La débarrassant de son manteau avant de monter dans la voiture ainsi que de son sac à dos, il lui demanda ce qu'elle avait bien pu y mettre pour qu'il ait cette taille.
« J'ai pris mes livres sur les planètes et mon goûter, puis chuchota à son oreille, lorsqu'il entreprit de lui attacher sa ceinture, comme un secret, je t'ai aussi pris un pain au chocolat. »
Il posa un baiser sur son front et démarra. Le musée était, sans surprise, vide de monde, l'astronomie attirant visiblement peu de personnes dans les alentours, ce qui ne les empêcha pas de s'arrêter à chaque stand, de demander trois fois au guide de leur refaire la visite qui, s'il était impatient, ne le montra pas et ajouta même différentes anecdotes à chaque passage. Ils se rendirent dans la salle des Planètes, s'immobilisèrent devant une miniature de la fusée Saturne V, une maquette géante du Soleil, ainsi que d'un modèle du Big Bang, impressionnant par sa diversité de couleurs.
Sloan lui ressemblait énormément, parlant sans cesse, gigotant dans tous les sens, posant des questions sans pouvoir réprimer sa curiosité et il s'enquit de répondre avec soin à chacune d'elles. Il l'emmena ensuite vers un espace café où il commanda un jus d'orange et un thé et ils engloutirent comme promis leur pâtisserie.
« Tu n'as pas de frère et sœur, Stiles ?
- Non, ma belle, il n'y a que moi. Mais tu sais, ton père est comme un frère, il fait parti de la famille, comme toi. »
Elle battit l'air de ses jambes, hocha de la tête pour acquiescer ses dires mais ne dit rien de plus. Il porta alors sa tasse fumante vers ses lèvres et haussa les sourcils vers elle.
« Tu aimerais en avoir ? »
Elle regarda au-dessus de son épaule durant quelques secondes, réfléchissant à sa demande puis hocha timidement de la tête comme si l'avouer était quelque chose de mal. Il lui lança un sourire qui se voulait rassurant et se baissa vers les bras qu'il avait croisé sur la table.
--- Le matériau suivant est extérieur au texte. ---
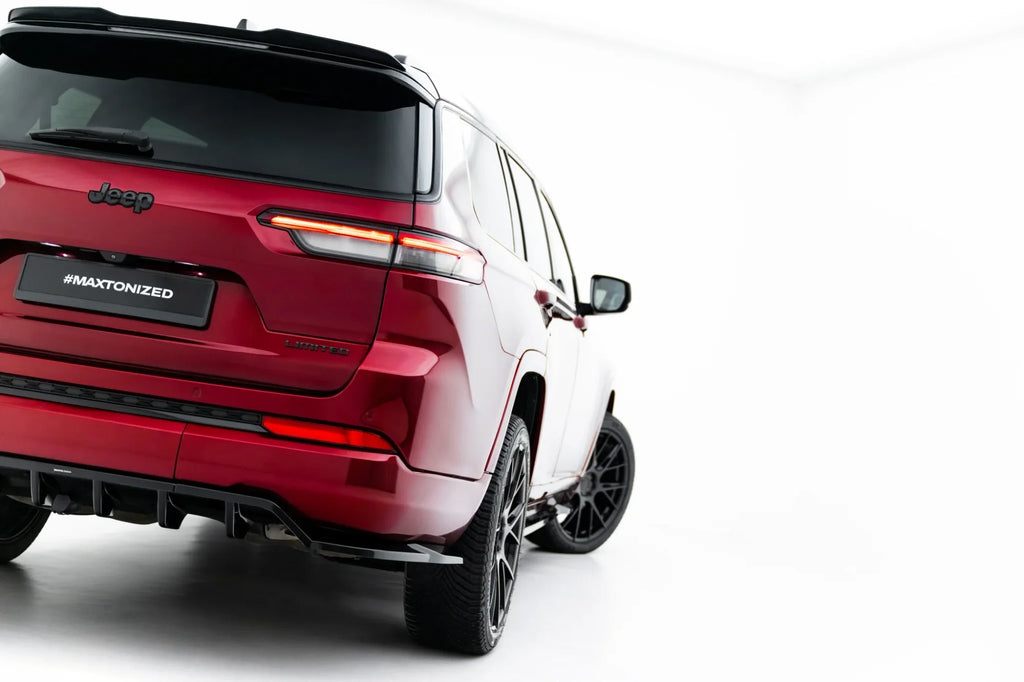 Splitter trasero Jeep Grand Cherokee L Mk5 (con barras verticales)
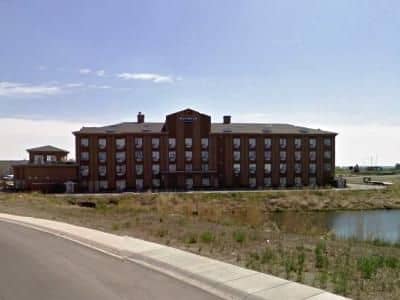 Days Inn And Suites Strathmore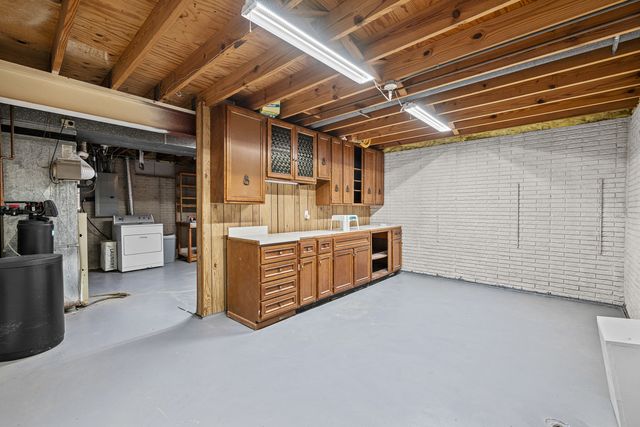 3410 18TH Street, Bettendorf, IA 52722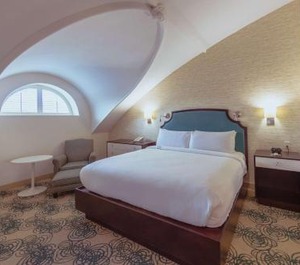 Hotel Skyler Syracuse Tapestry 
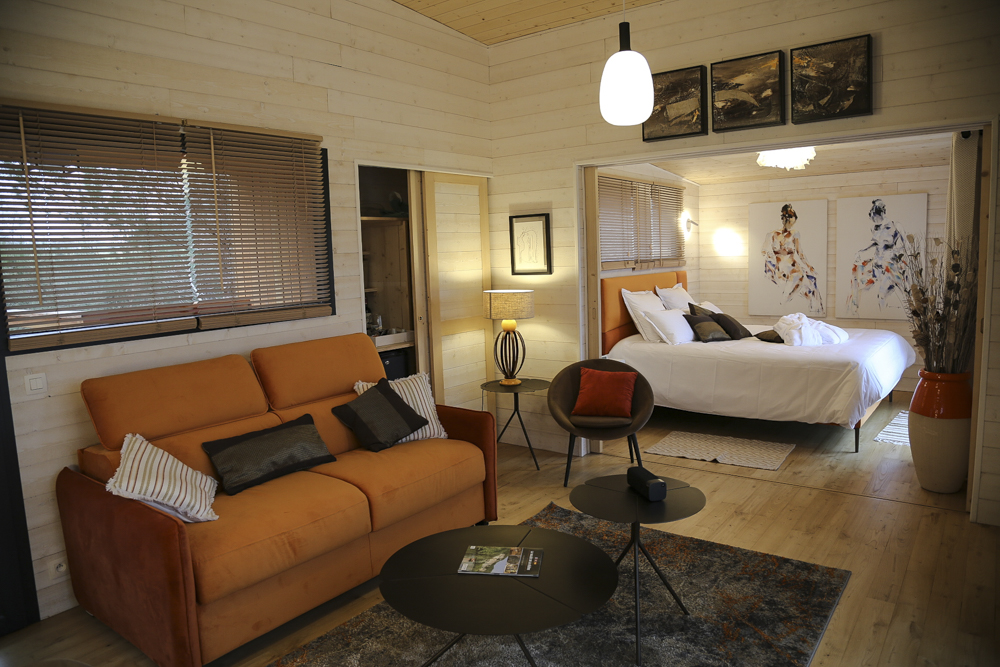 Lodge Spa Secret avec Jacuzzi — Ecolodge relaxant en Dordogne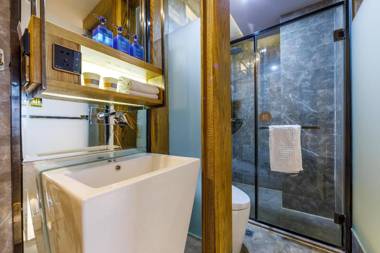 Hanting Premium Hotel Shanghai Stadium Metro Station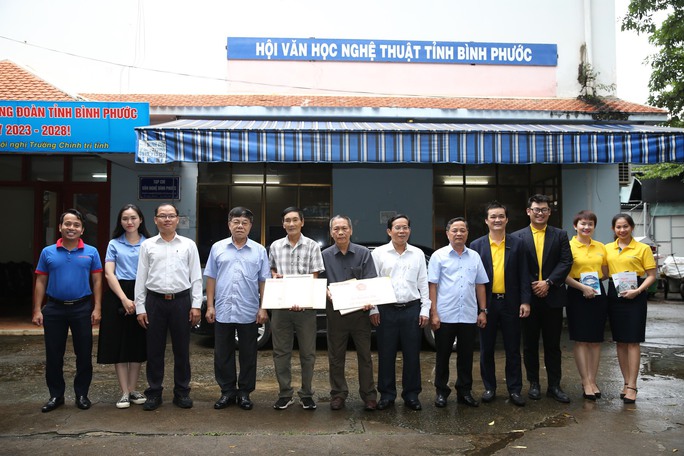 Mai Vàng tri ân thăm 2 nghệ sĩ ở Bình Phước - Ảnh 4.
« Ton papa et moi avons fait les pires bêtises qui soient quand on avait ton âge, je l'entraînais dans les pires combines, ta grand-mère nous disputait sans arrêt. Et tu veux que je t'avoue un secret ? Se faire crier dessus à deux, c'est mieux. »
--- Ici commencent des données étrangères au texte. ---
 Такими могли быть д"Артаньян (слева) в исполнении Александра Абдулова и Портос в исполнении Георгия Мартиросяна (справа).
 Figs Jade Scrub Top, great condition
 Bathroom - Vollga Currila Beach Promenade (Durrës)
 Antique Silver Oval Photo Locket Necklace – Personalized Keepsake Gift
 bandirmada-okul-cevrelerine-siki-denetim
Elle gloussa derrière son verre qui paraissait gigantesque à côté de son visage rond. Il pensa à la ramener chez elle mais lui proposa à la place de faire une balade dans le parc situé derrière le Planétarium et elle lui lança un joli sourire qu'il lui rendit, enchanté. Il n'avait rien d'extraordinaire, en soit. Pelouse verte coupée convenablement. Tourniquet multicolore. Portique avec balançoire, anneaux et toboggans. Un espace plutôt grand et fleuri comprenant une prairie en pente douce. Pourtant, voir la petite gambader dans l'herbe, cueillir des fleurs sauvages et les lui tendre comme s'il s'agissait du plus beau bouquet le rempli d'un bien-être exaltant, s'infiltrant lentement dans ses veines et lui rappela sa propre jeunesse, l'odeur des madeleines de sa mère sortant du four, ses courses à vélo où il rentrait constamment blessé aux genoux.
« Tu devrais en faire un autre pour ta maman, ça lui ferait vraiment plaisir. »
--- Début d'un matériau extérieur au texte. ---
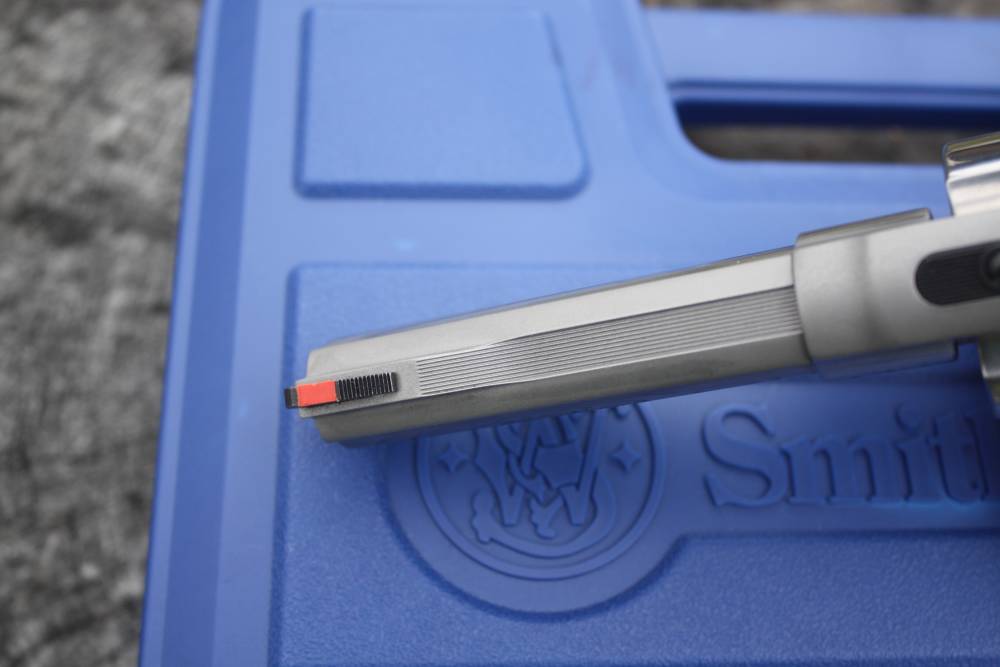Smith & Wesson Model 629-6 44 mag 4" stainless NICE!-img-14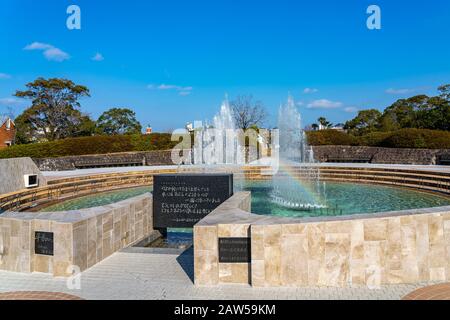 Fontaine de la paix dans le Parc de la paix de Nagasaki en journée ensoleillée. Un parc historique commémorant les bombardements atomiques de la ville pendant la seconde Guerre mondiale Banque D'Images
Il dut tout de même se résoudre raisonnablement à la ramener, se rendant directement au cabinet de Scott, l'ayant déjà convenu avec Allison un peu plus tôt. Celui-ci était assis au comptoir, croulant sous les papiers, des ridules jouant sur son front et lui donnant un air sérieux qui avait toujours amusé Stiles. La sonnerie au dessus de la porte le fit lever les yeux vers eux et un sourire immense vint automatiquement se dessiner sur ses lèvres. Sa fille se précipita dans ses bras et il resta un moment à la cajoler affectueusement avant qu'elle ne se mette à gigoter pour s'en dégager et s'enfuit immédiatement vers l'arrière boutique, attirée par la levée d'aboiements curieux et Scott, secouant la tête, s'en offusqua un bref instant.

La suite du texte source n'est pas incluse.